TERMINOLOGY AND CULTURAL AND LEGAL CONTEXT
Aotearoa New Zealand is a common law jurisdiction, with a Parliament and legal system based on the British Westminster system of government, following colonisation in the 19th century. Māori are the indigenous people of Aotearoa and signatories to the Treaty of Waitangi, which Māori consider to allow them to retain self-governance rights and, in particular, Māori customary law.
Pre-colonial Māori communities were ‘inclusive of whakawāhine’ (a Māori term describing someone born with a male body who has a female gender identity). More recently takatāpui has been reclaimed as a term to describe gay, lesbian, bisexual and trans Māori.
Today Māori whakawāhine and tangata ira tane (a Māori term describing someone born with a female body who has a male gender identity) remain visible within takatāpui communities. A support network for Māori trans people (Tapatoru), based on the traditional concept of whānau or family, now exists. There are many predominantly Pākehā (European) or Tauiwi (non-Māori) networks.
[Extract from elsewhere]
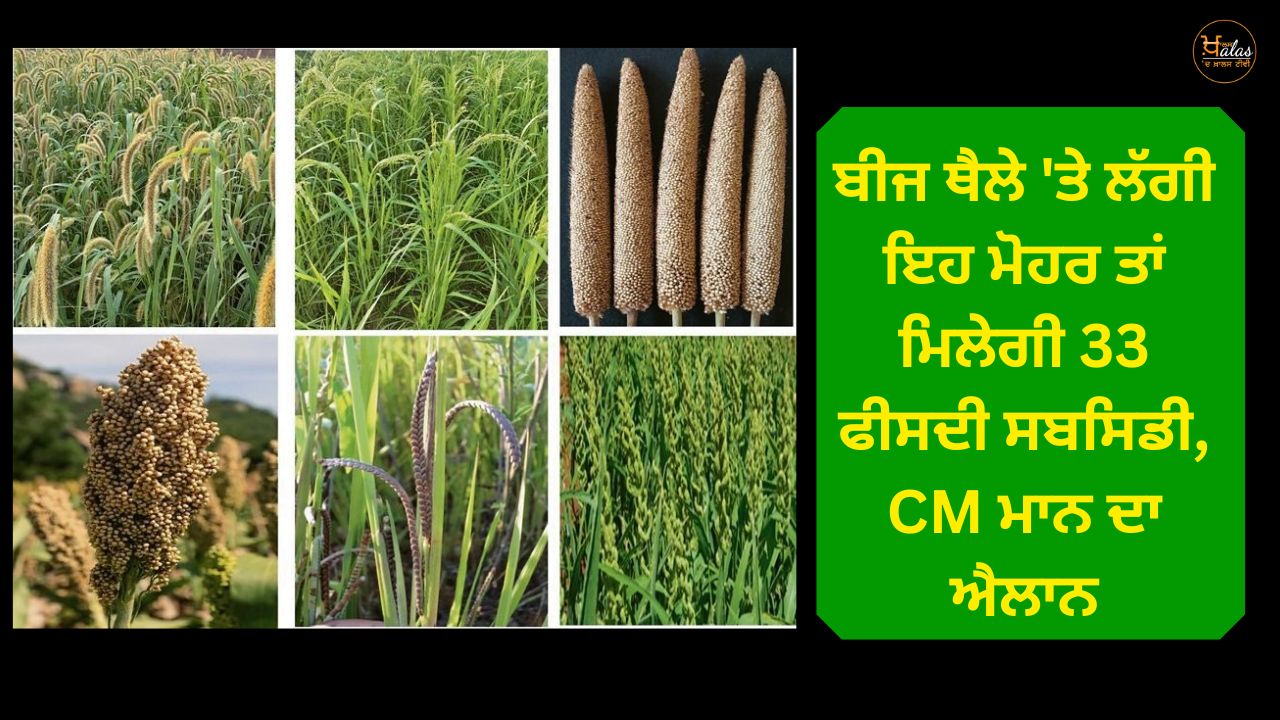 Punjab government, PAU, agricultural news, seeds, Punjab, Seeds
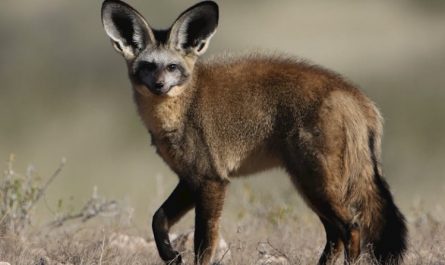 7 Significados de Soñar con un Zorro del Desierto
New Zealand also has a large Pacific Island population, many of whom acknowledge males who take on traditional female social roles (such as fa'sfafine in Samoa and fakaleiti in Tonga). It is therefore not surprising that the people who made submissions to the New Zealand Human Rights Commission's Transgender Inquiry (see further at section 2.1 below) referred to themselves using a range of terms, including transgender, male-to-female (MtF) and female-to-male (FtM) transsexuals, cross-dressers, queens, intersex, androgynous, genderqueer, takatāpui, fa'sfafine, fakaleiti, whakawahine and tangata ira tane.
In this chapter, as in To Be Who I Am: Report of the Inquiry into Discrimination Experienced by Transgender People (the Report of the Transgender Inquiry), the term ‘trans’ will be used when it is necessary to use a generic term to describe all of the identities listed above. That is, to describe all those ‘who identify their gender in some way in opposition or outside the gender role which they are meant to fulfil as a result of their sex designation at birth.’
The focus of this chapter, as elsewhere in this book, is on the issues for trans people who wish to have their ‘nominated sex’ (the sex they self-identify with) recognised as their legal sex (for the purposes of official identity documentation).